A Few Scattered Thoughts
A debate is heating up over what exactly constitutes acceptable journalism, and just where do bloggers and blogging fit in. I've just added a few logs to the fire by responding to a posting from Chris Thompson on George Nemeth's blog. But this recent Wired article adds a few other interesting insights to the debate. "More and more I'm running into myself on Google," reports one Madrid-based blogger. A search-engine optimization guru adds a crucial insight: "The web is the great equalizer. Good content rises to the top of the Internet. It doesn't matter if the medium is a blog or a corporate Web page."
In other words, writing for the web is something of a radical meritocracy, which lots of traditional journalists have a problem with. It makes them really nervous that they might actually have to compete for readership or audience respect solely by the power of their arguments or writing style or how compelling their subject is. You can't coast on the fact that you have a staff job at a well-respected pub and then write crap.
And this new story really points up how hard it's becoming for those in power to enforce the nice rules of silence which often amount to little more than censorship, as long as there are who can directly report on events of interest. Seems that a blogging lawyer and a venture capitalist had a stronger urge to communicate with their audiences than did the well-behaved "journalists" who tamely agreed to stop taking stenography when their patrons insisted, their audience be damned. Said San Jose Mercury News columnist Dan Gillmor, one of the first high-profile bloggers in straight journalism, said it best: "conference organizers cannot make an event off the record only for the official journalists anymore. The rules of 'journalism,' whatever that is, are changing. This is just one more example."

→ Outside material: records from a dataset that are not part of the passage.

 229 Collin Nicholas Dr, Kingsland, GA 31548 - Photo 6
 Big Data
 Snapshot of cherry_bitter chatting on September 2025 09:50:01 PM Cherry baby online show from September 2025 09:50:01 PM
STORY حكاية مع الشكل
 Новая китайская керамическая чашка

Enough said about that for now. Suffice to say that we'll be hearing lots more years of self-righteous indignation from journalists who are driven to distraction by the possibility that millions of people who aren't in their profession might actually be able to write better, more compellingly, with more passion and knowledge than they. That's a scary idea for people used to thinking of their professional status as an ID card that mostly serves to keep the hordes out, but that doesn't make it any less true.

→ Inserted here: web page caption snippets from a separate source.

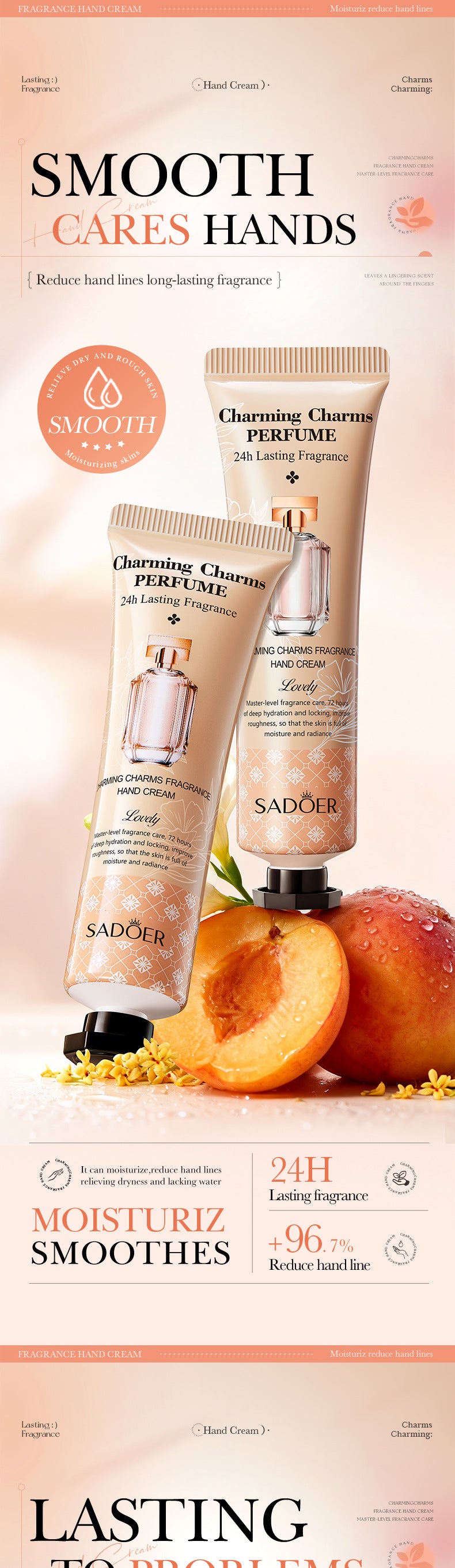 c0895dcc-ccbf-4c8c-95c6-ac54fe9a65db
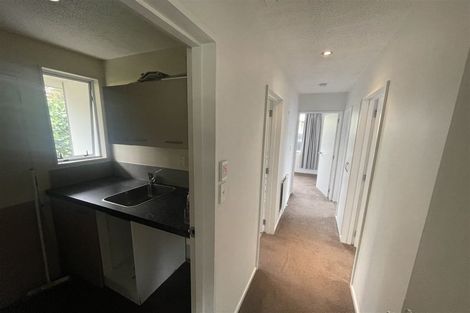 Photo of property in 1/19 Moreland Avenue, Papanui, Christchurch, 8053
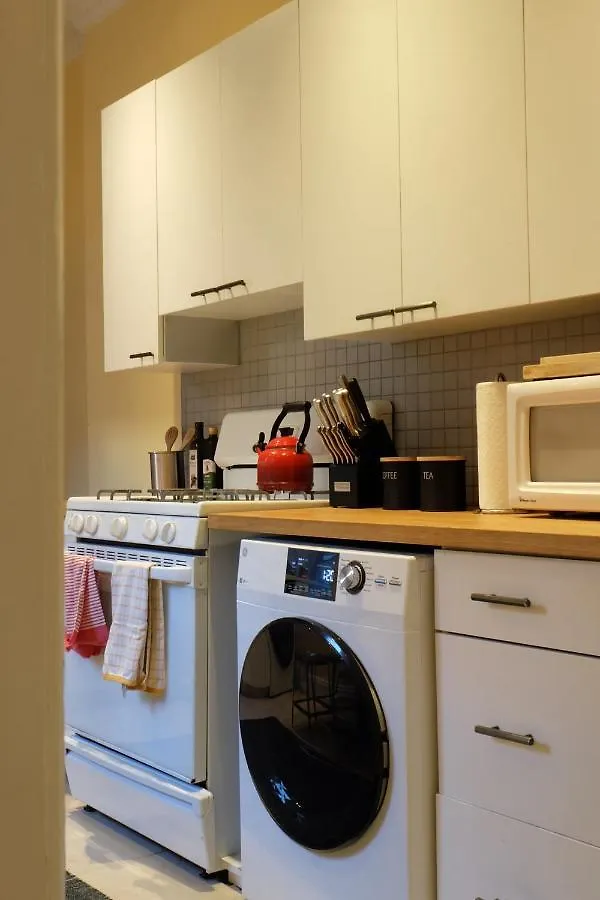 شقة 1830'S Historic Merchant House On The Park Les نيو يورك الولايات المتحدة الأمريكية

Here's a good example for you. Matt Welch is a guy some of you may have heard of. He got his start as a writer primarily on the web, in the functional equivalents of blogs or self-publishing. And yet his profile and reputation have grown incredibly, based on just one thing: the guy can write! Check out this article, for instance. Read this, and then tell me that he's not a first-rate writer and thinker.
On to other developments: Rookie blogger of note. Recently I nominated Kukral for the prize, and his last week of entries have done nothing but confirm that status. His take on Feagler was especially interesting (but in fairness, I wanted to point out that poor, lazy Dick F. could once write like a dream, back when he did some work. Try this heart-tugger, for instance, on the last days of the Cleveland Press. It's sublime. Too bad he hasn't written like this in at least 10 years. Jimmy K. also has a pretty good sense of humor. Check out this little animated head app that he put together on a page that's a take-off on Google.
Anyway, Kukral's successor as the rookie blogger to watch is none other than Bill Callahan, a name perhaps familiar to you if you've been in the neighborhoods movement. For years, he's run programs on the near west side, in something called the Stockyard Association. Bill ran a couple of interesting events around the theme of the digital divide, which he billed as Digital Vision. And he's even received funding from the man himself, Mario Morino, which is all the vote of confidence I need.
Bill's West Side Computer Community Center is even reputed to be increasingly collaborating with Dan Hanson and his Computers Assisting People, which is a welcome development that gives a nice geographic balance (near east/near west) to those related efforts. With all that as background, check out his blog when you get a moment.
And speaking of Dandy Danny Hanson, my heart dropped for him just a moment, when I learned that United Way's Community Vision Council has teamed up with Cleveland Public Library to debut an attractive, well-funded site for seniors. Called SeniorsConnect.org, it comes complete with eye-catching signage throughout the library (motto: "The Web Site for People Who Weren't Born Yesterday"). This will compete directly with Dan's spunky self-funded site, Clevelandseniors, which isn't the most graphically appealing thing, but contains some wonderful content if you know where to dig.
But there's enough out there for everyone. I'm just happy that Cleveland Public (which is actually the third largest public research library in the country), under its energetic, charismatic new director Andrew Venable, is fully living up to its ambitious slogan as "The People's University."